*** The data Section Begins ***

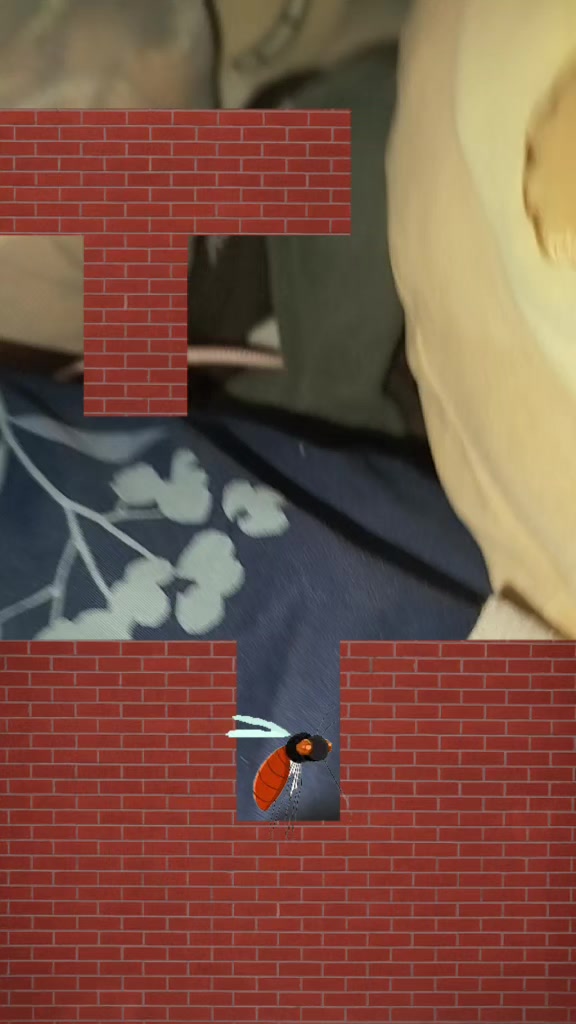 @Paquitoplays5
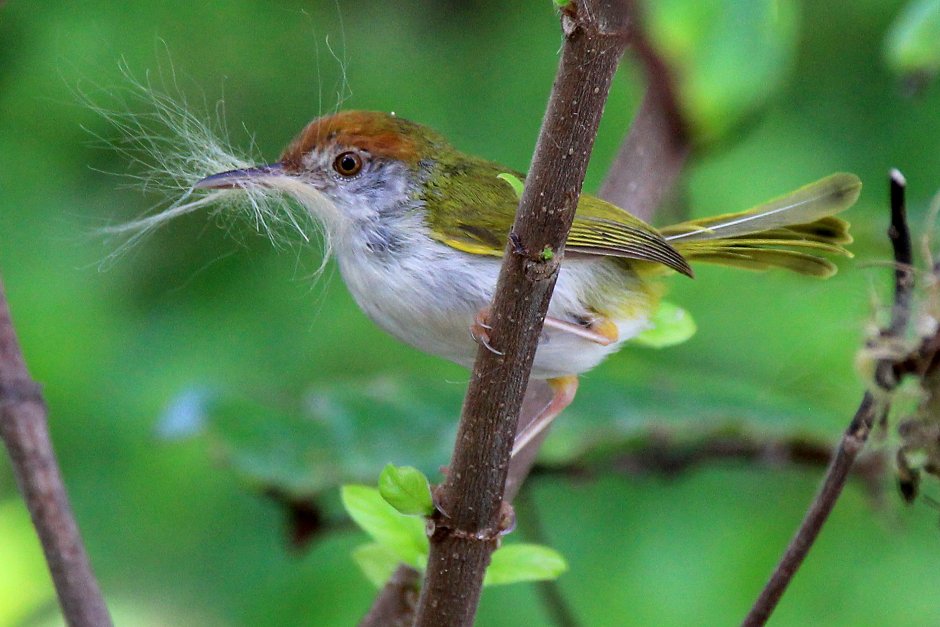 Славка портниха птица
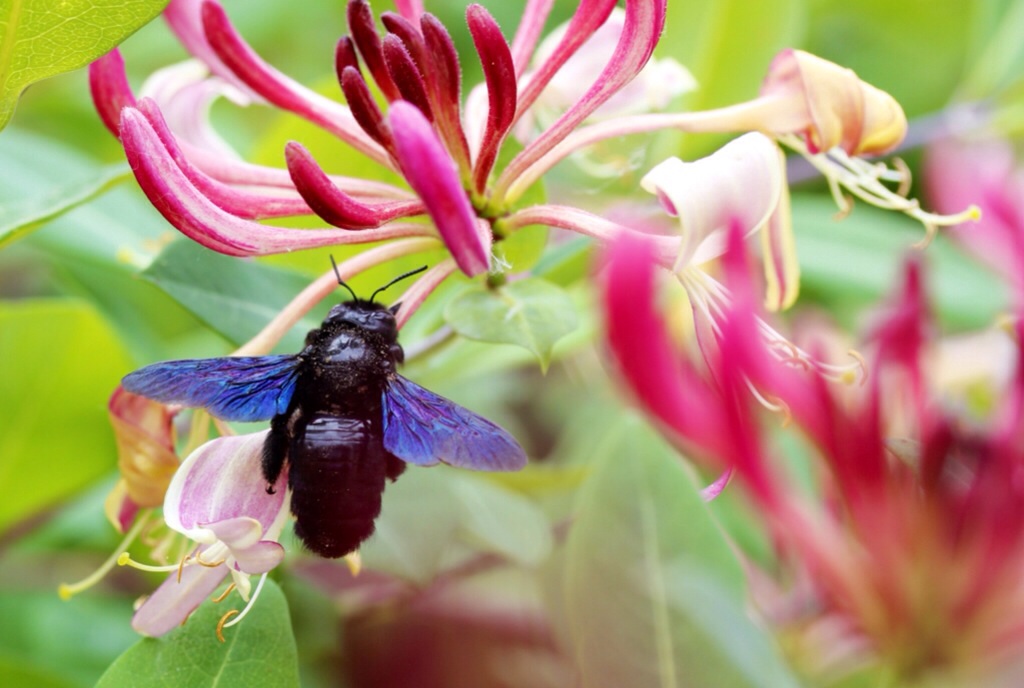 Xylocopa violacea
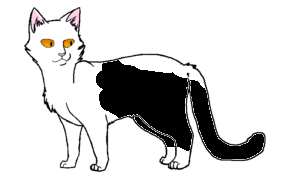 5.png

*** The data Section Ends ***

_Work to be completed_. Across all the lines above, repeat the wording exactly and omit the pictures.

_Exercise result_.
 @Paquitoplays5
 Славка портниха птица
 Xylocopa violacea
 5.png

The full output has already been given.